Elliott, who’s based in New York City, says the film will tell the story of how Yellowknife’s dump has changed over the years, and how many residents have bought into what she calls a ‘thrift culture’.
“Yellowknife, as far as I could tell, had by far and away the largest dump that’s still open to the public,” she said when asked why she came to Yellowknife.
Elliott, now shooting her third feature documentary, has made a career of capturing regional culture in photography and film.
But in Yellowknife, the Princeton University graduate says she found something different in the way residents handle their garbage.
“I think it was really interesting to sort of see that there were people in Yellowknife, the salvagers especially, who were really committed [to the environment],” she said.
“They really felt invested in kind of making sure that stuff was recycled and kept out of the landfill. There also seems to be a real investment in thrift. The thrift culture is really important in the North.”

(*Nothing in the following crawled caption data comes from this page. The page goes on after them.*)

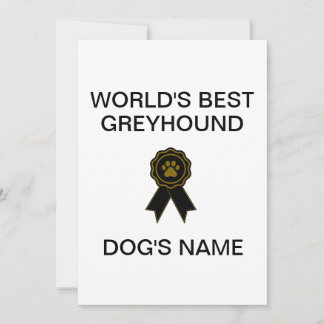 Customizable World's Best Greyhound Design Invitation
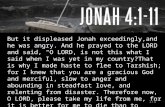 But it displeased Jonah exceedingly,and he was angry. And he prayed to the LORD and said, "O LORD, is not this what I said when I was yet in my country?That.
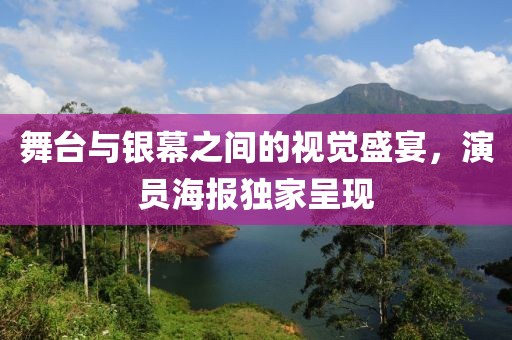 舞臺(tái)與銀幕之間的視覺盛宴，演員海報(bào)獨(dú)家呈現(xiàn)
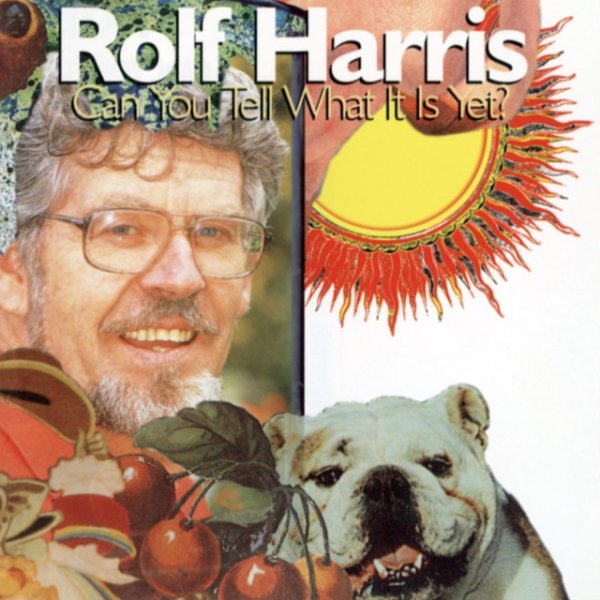 Rolf Harris Can You Tell What It Is Yet?, 1997
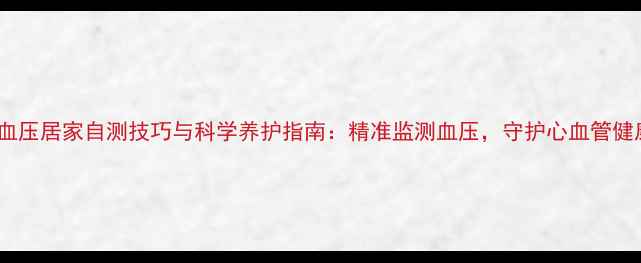 图片 高血压居家自测技巧与科学养护指南：精准监测血压，守护心血管健康2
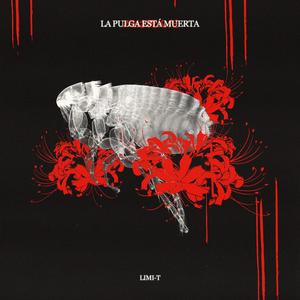 LA PULGA ESTÁ MUERTA PT.2 (Explicit)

Because Yellowknife can be so transient, it’s not uncommon for people to drop off higher quality items at the dump before heading out of town.
That’s a dream scenario for salvagers, who divert other people’s unwanted goods from the landfill by claiming them as their own.
“It’s an attitude that you don’t see everywhere,” said Elliott. “You know, it’s a little bit out of fashion in the rest of North America and I found it really refreshing and interesting.
“It really struck me as different than the way a lot of other cities see their waste.”
‘I will never buy an inflatable snowman again’
Elliott says she found a wide variety of ‘weird’ items over the course of her shoot in Yellowknife.
“One of the weirdest [things I came across] was a collection of marionette clown dolls, but it really ran the gamut,” she said.
“The most common thing, by far and away, were Christmas decorations. I will never buy an inflatable snowman again in my life.”
Other notable finds, she said, included quality furniture, porn collections, caribou carcasses and even wedding dresses.
While Elliott admitted to being shocked by some of her discoveries, she believes many of them can be explained by Yellowknife’s ‘thrift culture’ and geographical isolation.
Since wrapping up her shoot two years ago, Elliott has teamed up with a producer and an editor in hopes of debuting Salvage this time next year.